> **Your goal**
Once the line containing "ugly middle age" is reached in the listing below, reproduce it and all later lines through the final one exactly, but omit any pictures.

The data Block Start

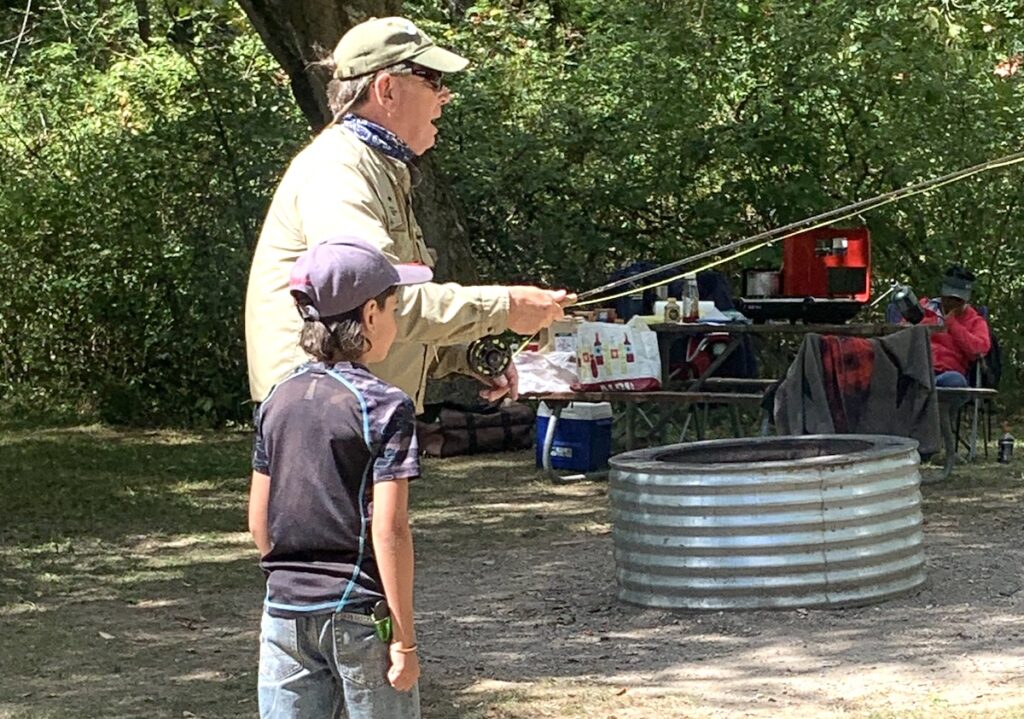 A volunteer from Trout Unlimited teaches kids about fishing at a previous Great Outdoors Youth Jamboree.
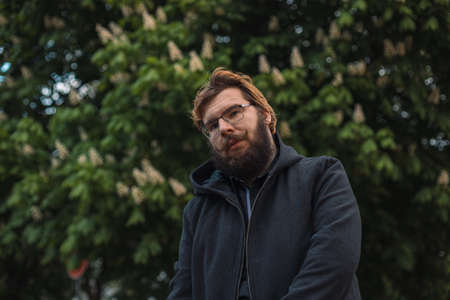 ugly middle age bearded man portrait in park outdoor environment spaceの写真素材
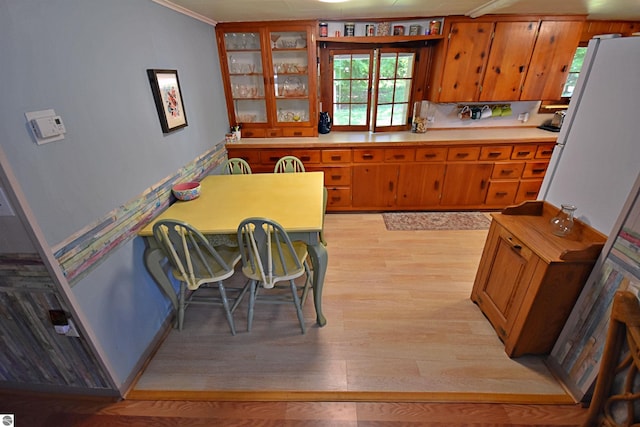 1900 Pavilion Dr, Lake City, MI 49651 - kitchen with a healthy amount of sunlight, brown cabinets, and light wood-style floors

The data Block End

> **Worked solution**
 ugly middle age bearded man portrait in park outdoor environment spaceの写真素材
 1900 Pavilion Dr, Lake City, MI 49651 - kitchen with a healthy amount of sunlight, brown cabinets, and light wood-style floors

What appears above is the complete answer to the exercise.